中国は、17年の訪日観光客の1人当たり旅行支出で首位であった。18年は4位へ後退したが、それでも25万円弱の支出である。18年の中国人訪日客数は、838万人で首位。中国人が日本で消費した金額は、総額1兆2570万円にも上る。大変な額だ。海外旅行者8人分が、日本人1人分の年間消費額に匹敵するという「仮説」がある。これを当てはめると、中国人観光客のもたらす消費額は、日本の100万都市の年間消費に匹敵する計算だ。

 

『レコードチャイナ』(2月3日付)は、「春節到来で日本に商機、各地で中国人旅行客の受け入れ準備進む」と題する記事を掲載した。

 

『人民網』(2月2日付)は、春節(旧正月)の長期休暇を迎える中国に合わせ、日本でも中国人観光客の受け入れ準備が進んでいると伝えた。

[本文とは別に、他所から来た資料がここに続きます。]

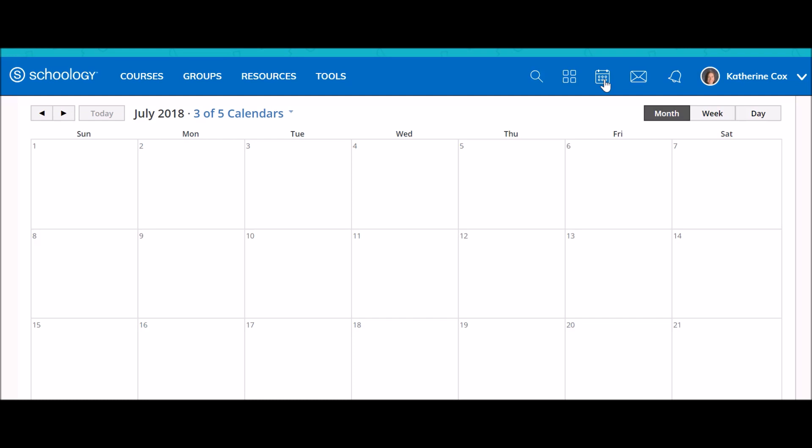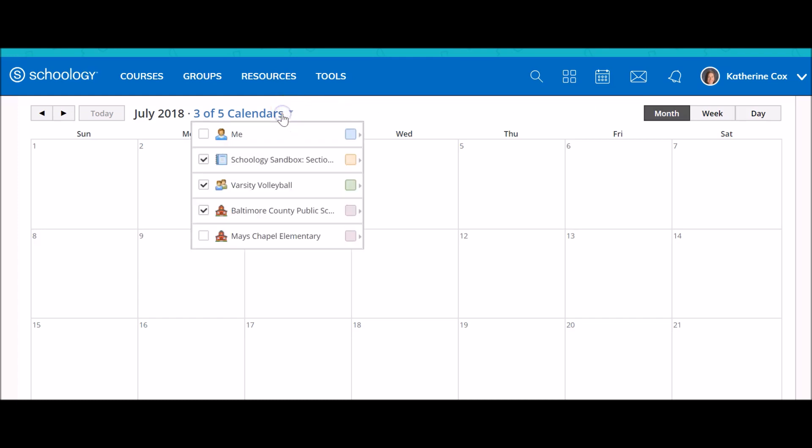When using the Schoology calendar, you'll notice that you have the option to view multiple calendars simultaneously. By clicking on the calendars link next to the month, you'll see that right now I am viewing three out of five possible calendars.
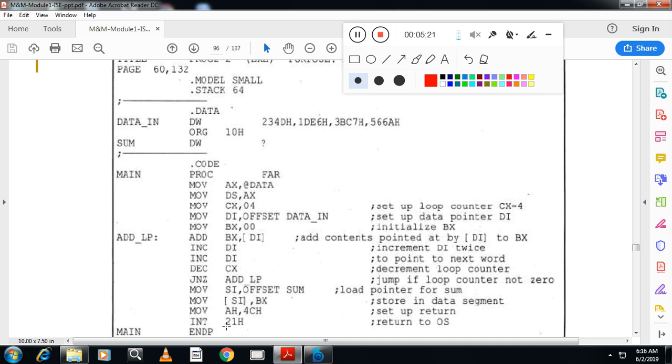Then I will call DOS interrupt 21H, followed with function 4CH to return to the operating system. So this is one more program to add 5 words.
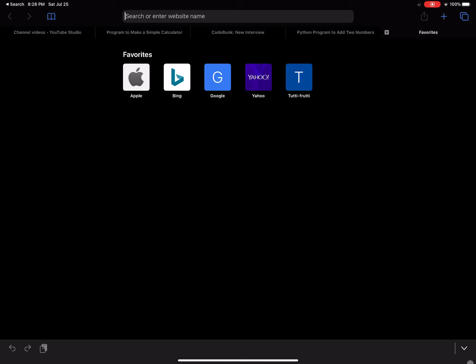Hello everybody, welcome back to my channel! Today I'm teaching you guys two easy and free ways to get fonts from online. The first one you're gonna use to import fonts to iMessage, Google Docs — basically you can use them anywhere, even Instagram.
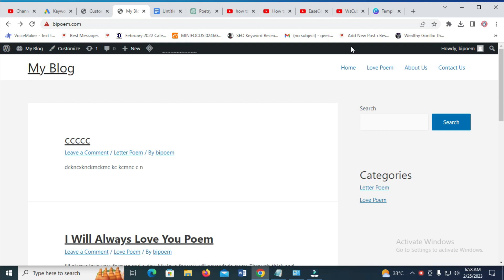So right now as you can see the category has been added. So that was all to do this. Hope this video helped. Please give it a thumbs up and don't forget to subscribe to our YouTube channel. See you in the next video.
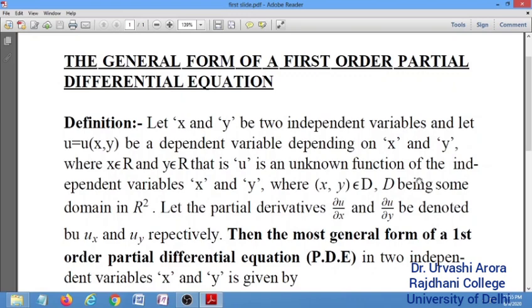Let us suppose that u is a dependent variable in the partial differential equation, and the given partial differential equation has two independent variables x and y. Although in general a partial differential equation can have 2 or more independent variables, we are considering the simplest case when there are only 2 independent variables, denoted by x and y.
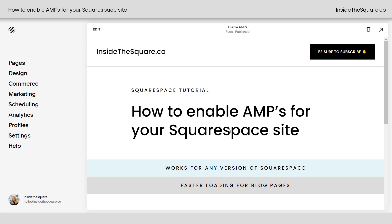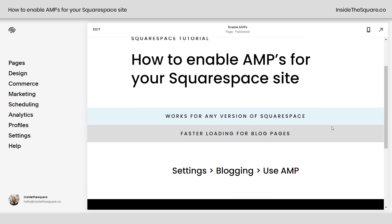In this video, you'll learn how to enable AMP for your Squarespace website. AMP stands for Accelerated Mobile Pages, and it creates faster loading for your blog pages. This tutorial will work for any version of Squarespace.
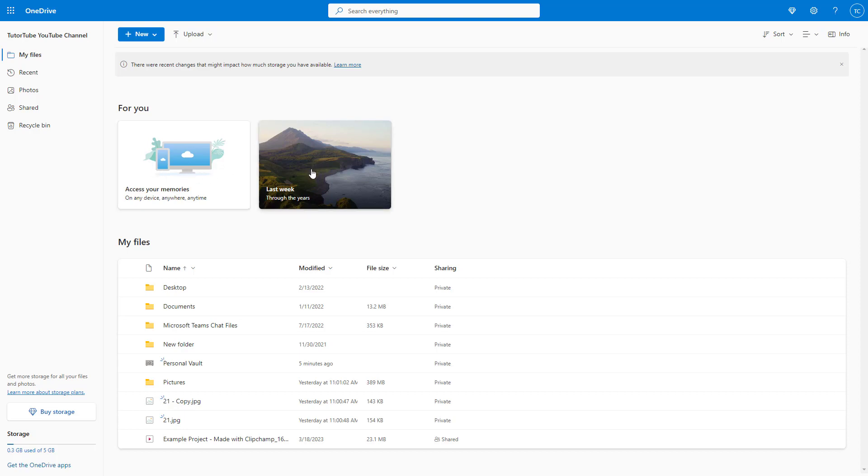However, if you're showing your OneDrive account on a projector or using it on a public computer, you may not want others to see your personal files like this.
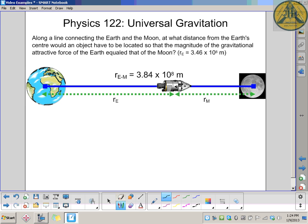Another universal gravitation question from the grade 12 physics section. Along the line connecting the Earth and the Moon, at what distance from the Earth's center would an object have to be located so that the magnitude of the gravitational attractive force of the Earth equals that of the Moon? In other words, where does this little rocket ship have to be so the force of gravity from the Moon and the force of gravity from the Earth are in balance?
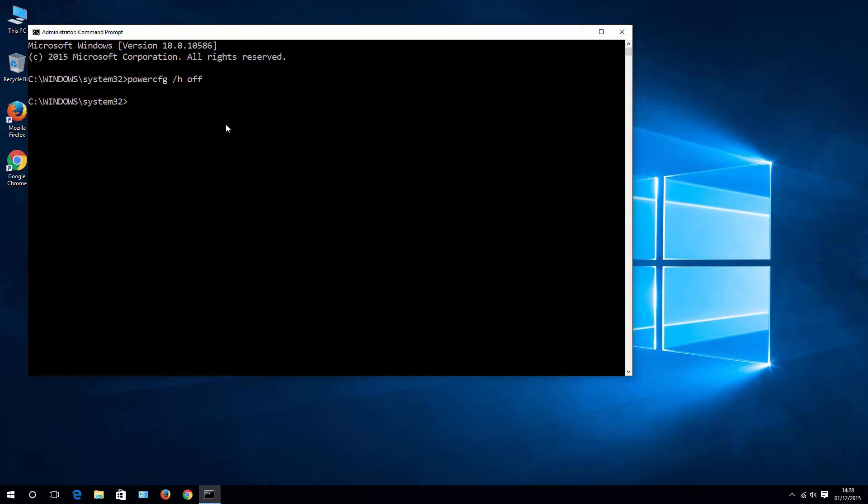In case if it's not, then go back to your command line, running it again as an administrator, and then switch it on.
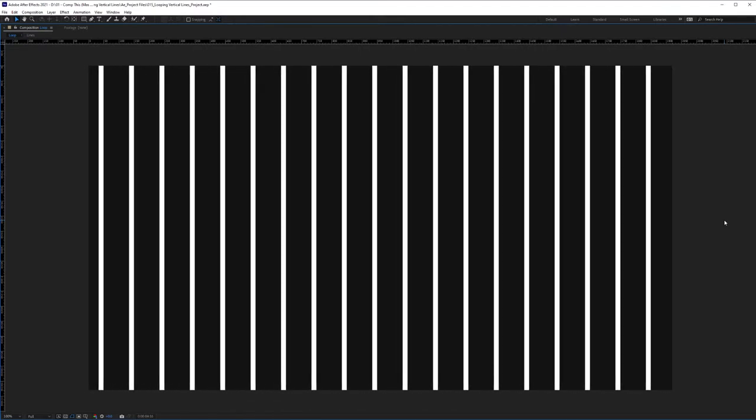Hey there, today I'm going to show you how to create these vertical lines and repeat them using the repeater expression. And I'm going to show you how to loop it over and over and over again for any one of your comps.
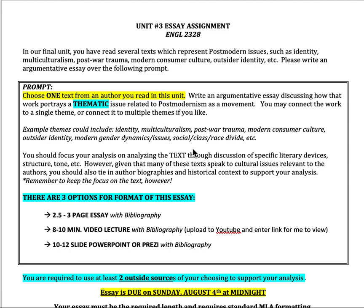Hi guys, this is walking you through your third essay. In this unit, you have read a number of post-modern texts. These texts took us from post-World War II up to where we are now. You have read a number of different ideas and viewpoints from authors who are both in the sort of canon and then marginalized voices as well. So what I want you to do is choose one author from the unit and write your essay over a thematic issue related to post-modernism as portrayed in that text.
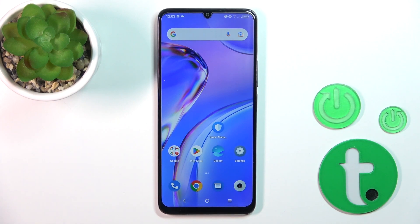Hi, this is the TCL 40 SE and I'll show you how to turn on the Always On Display option on this device.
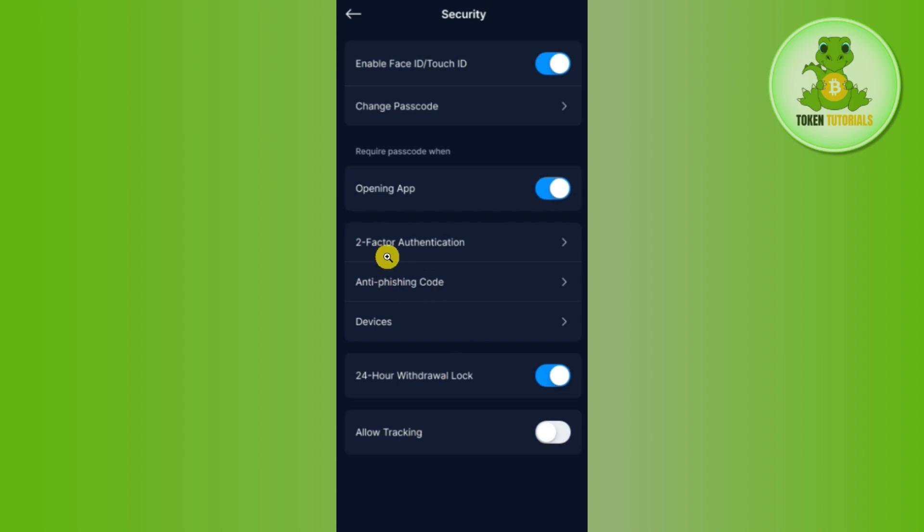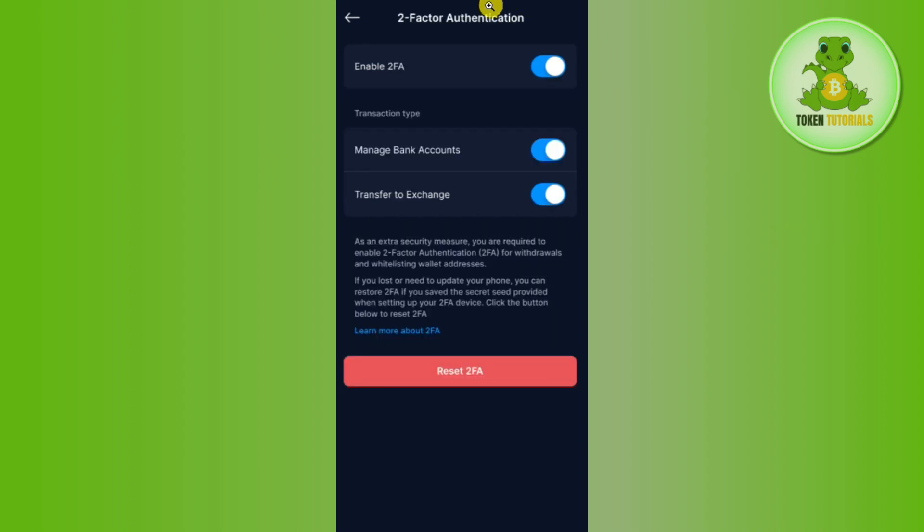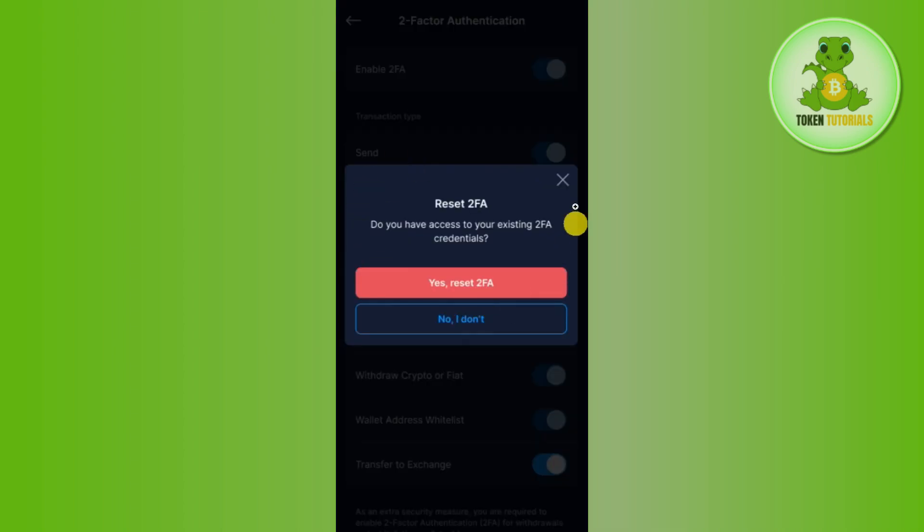After that, in the Two Factor Authentication, you are going to see the Reset 2FA button at the bottom. So if you tap on Reset 2FA, you will be shown this type of pop-up in front of you where you will be asked to confirm that you want to reset your 2FA.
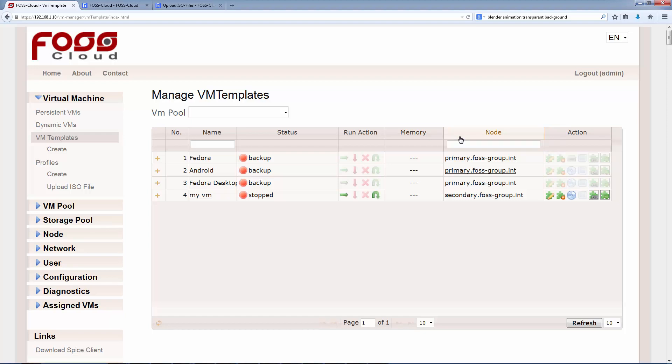If we have the right, we can click on it to see the node information. In the action column, we can edit or delete the VM, toggle the boot device, overtake the VM with the monitor symbol and create persistent or dynamic VMs. Creation and management of persistent or dynamic VMs I will show you in another tutorial.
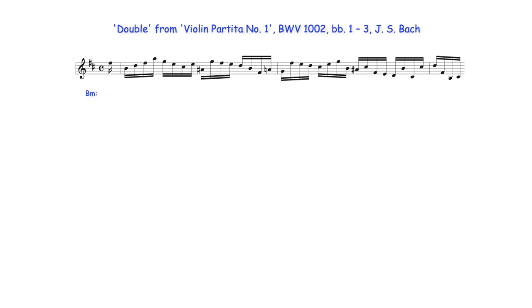Bach does use again the same 7-6 suspension idea here, where F sharp, the suspension's preparation, is prepared in the same register sounding initially as the root note of the dominant 7th chord, but is sustained in the lower register as part of B minor harmony.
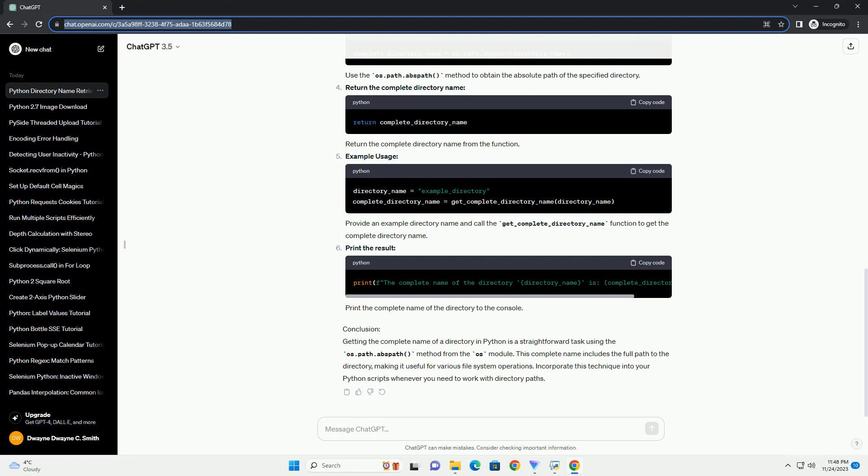Import the OS module, which provides a way to interact with the operating system, including working with file and directory paths.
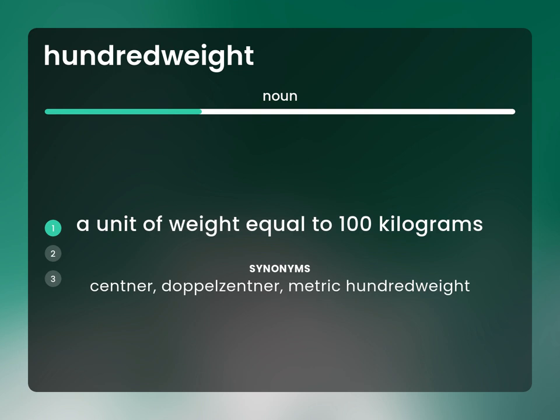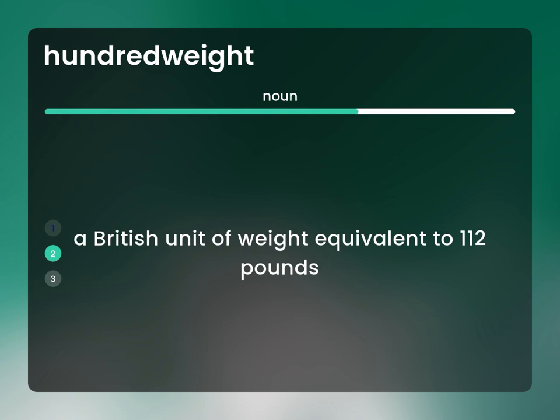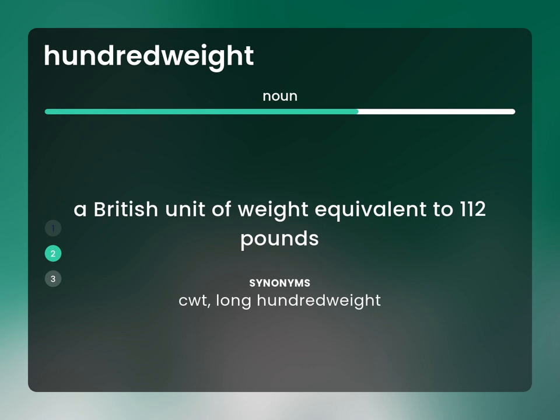A British unit of weight equivalent to 112 pounds. Also known as: CWT, long hundredweight.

(1)「記事は、『大阪の最もにぎやかな商店街の店には、レジや店の入り口に『春節快楽』『新春快楽』などの表示が掛けられている』と紹介。ドラッグストアでカゴいっぱいに買い物をしていた中国四川省から来たという中年夫婦の話として、『もうすぐ春節だ。日本の健康食品はお得だと聞いたので、うちの年寄りのために買ってあげて孝行でもしようと思う』と伝えた。その上で、『春節の長期休暇に伴い、訪日中国人の流れがピ再びークを迎えつつある』と紹介。統計によると、18年の訪日外国人は3119万1900人だったが、このうち中国人が最も多く、前年比で13.9%増となる838万人に達したことを指摘した

 

外国人にとって、大阪の人気が高いという。気さくな雰囲気を気に入っているのであろう。その意味では、中国人と大阪は気性がすこぶる合いそうである。「春節快楽」「新春快楽」などとすぐに貼るあたり、大阪商法の凄さである。「儲かりまっか」精神で奮闘していただきたい。

 

(2)「そのため、『日本の商店では、早くから春節を新たな商戦期と定め、このチャンスを逃すまいとしている。中国人客に対して新たな販促キャンペーンを展開しており、これには、中国で人気のマスクとお菓子をセットにして『福』の字を貼り付けて春節の雰囲気を出したり、免税カウンターを増やしたり、店の入り口に中国人従業員を配置して旅行客を呼び込むことなどがある』と紹介した。また、中国人旅行客の消費を促すため、より便利なサービスも提供していると紹介。『日本の多くの店が、積極的にWeChatPayAlipayを導入している。夜10時を回っても、大阪の商店街では多くの店がまだ営業しており、免税カウンターの前では多くの中国人観光客がスマホで支払いをしている』と伝えた」

 

大阪万博は、2025年開催である。世界中から観光客が集まるはず。大阪商店街が、その前哨戦として今年の春節で貴重な経験を積むことは貴重な経験になる。そのノウハウを、日本全国の商店街に伝え、外国人旅行者へのビジネス・モデルにして貰いたい。世界中から観光客が来てくれることはありがたいことだ。日本の「オ・モ・テ・ナ・シ」精神を存分に発揮すれば、それが新産業に育だってくれるだろう。